【事例集】積丹町「のんのんふぁーむ」 ―夢の自給自足を実現する
2008年
昨年から、積丹岳の麓で有機農業を始めた阿部さんご夫妻。実は、僕たちが主宰するNPO組織・エコビレッジ実行委員会の「エコロジー住宅学校」を、2001年の開校時から熱心に受講していた卒業生なのです。
受講当時から、いずれはどこか理想の土地を見つけて、自給自足的暮らしを実現しよう、と企んでいたようです。ニワトリの平飼い農家や有機農法を実践する農家で勉強をしながら、理想の土地として選んだのが積丹の大平原。環境にリスクの少ないナチュラルハウスを、できるかぎりセルフビルドで建設しながら、畑を起こし、作物を育てるといった、とてつもなくハードな一年が始まりました。
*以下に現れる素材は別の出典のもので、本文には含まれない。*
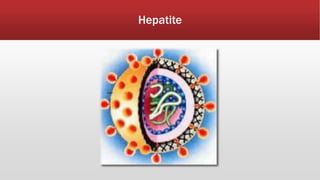 Hepatite 
 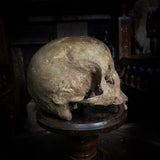 Human skull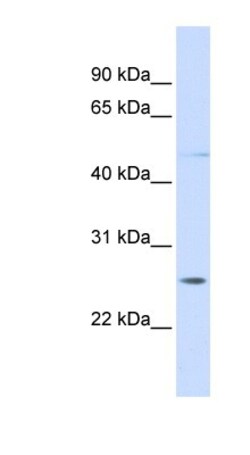 RNF170 Antibody, Novus Biologicals 20&mu;L; Unlabeled:Antibodies, Polyclonal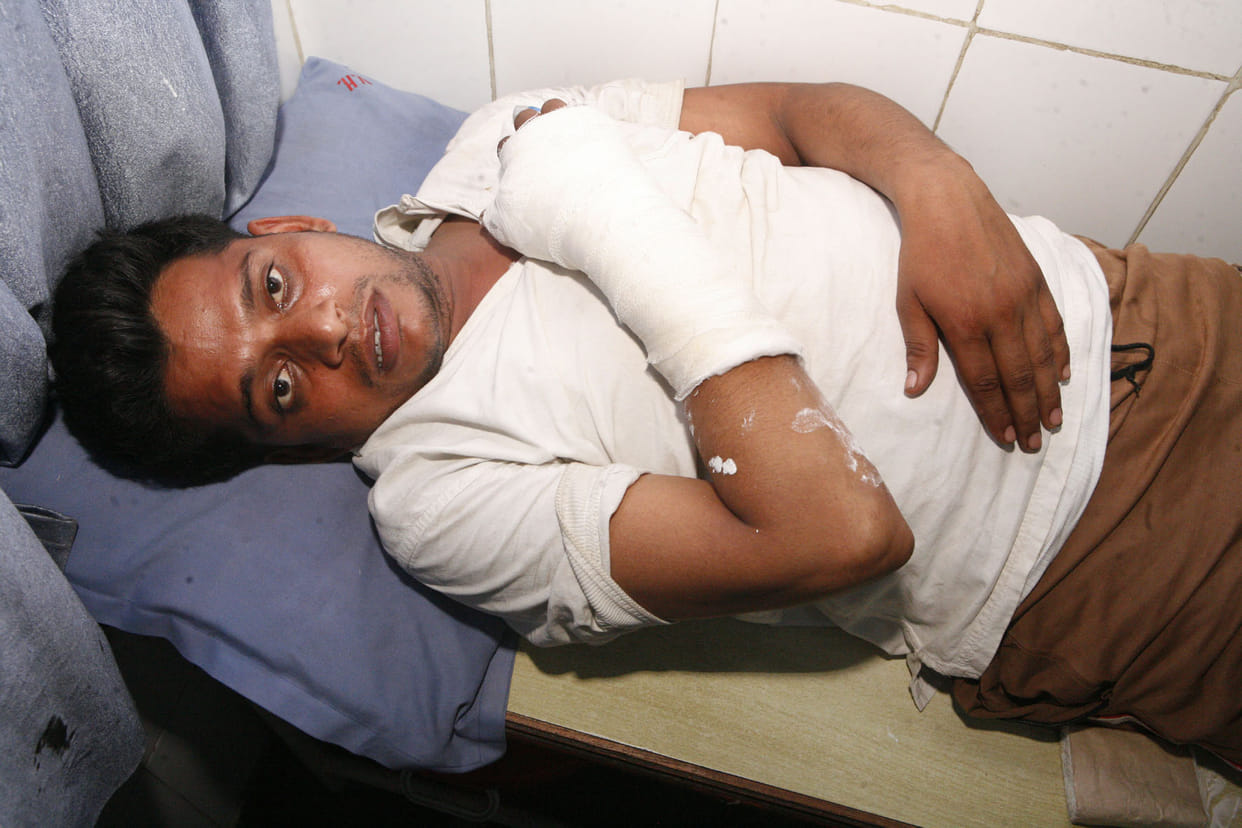 Fracture on the jump from the roof, police accused of attack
無農薬・無化学肥料で野菜を育てるのと同じように、住まいにも、合成化学物質を持ち込まないように、できるかぎり自然素材で家を建てました。
そんなご夫婦が、完成した住まいと有機農園に名づけた名前が「のんのんふぁーむ」。ご主人の愛称からとったホットな名です。
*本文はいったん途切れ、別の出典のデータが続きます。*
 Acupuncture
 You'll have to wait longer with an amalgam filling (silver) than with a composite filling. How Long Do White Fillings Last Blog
「のんのんふぁーむ」のナチュラルハウスには、阿部さん夫妻の自慢がいくつもあります。
厳選された自然素材はもちろんのこと、ご主人の一押しは、バクテリアの力で汚水を浄化したうえで、最後は畑の液体肥料にしてしまうという「BMW」という浄化システムです。嫌気性のバクテリアで一次処理された汚水は、屋外に手作りされた好気性のバクテリアとエアレーションの入った大バケツを3つくぐった後、浄化池に流され、水生植物で最終処理されます。ヨーロッパで見た「リビングマシーン」と呼ばれる浄化システムのミニ版といったところでしょうか。
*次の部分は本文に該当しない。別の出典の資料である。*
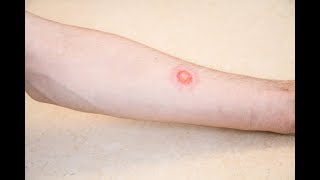 Is it ringworm Signs and symptoms [upl. by Eustazio805]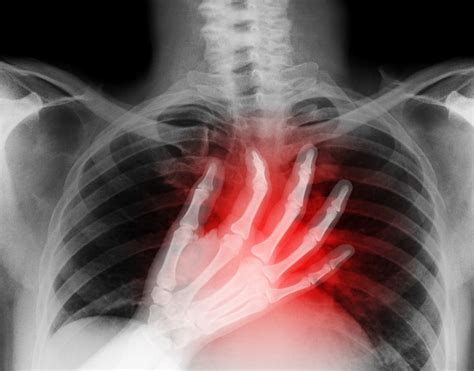 I share this, not to scare you, but because i believe knowledge is power. Costochondritis - Causes, Symptoms, and Treatment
もうひとつの自慢は、収穫した野菜を貯蔵する丘室。鉄筋コンクリート外断熱の部屋を、土で覆ってさらに断熱し、寒さから野菜を守ります。春になって温度が上がってきたら、今度は室の中に雪を入れて温度を下げる、といったゼロエネルギーの貯蔵庫なのです。母屋の暖房とお風呂の湯沸かしは、まき燃料のストーブ。電気を使わない自然換気を装備し、アナログチックな自然派スタイルのライフスタイルにぴったりの住まいなのでした。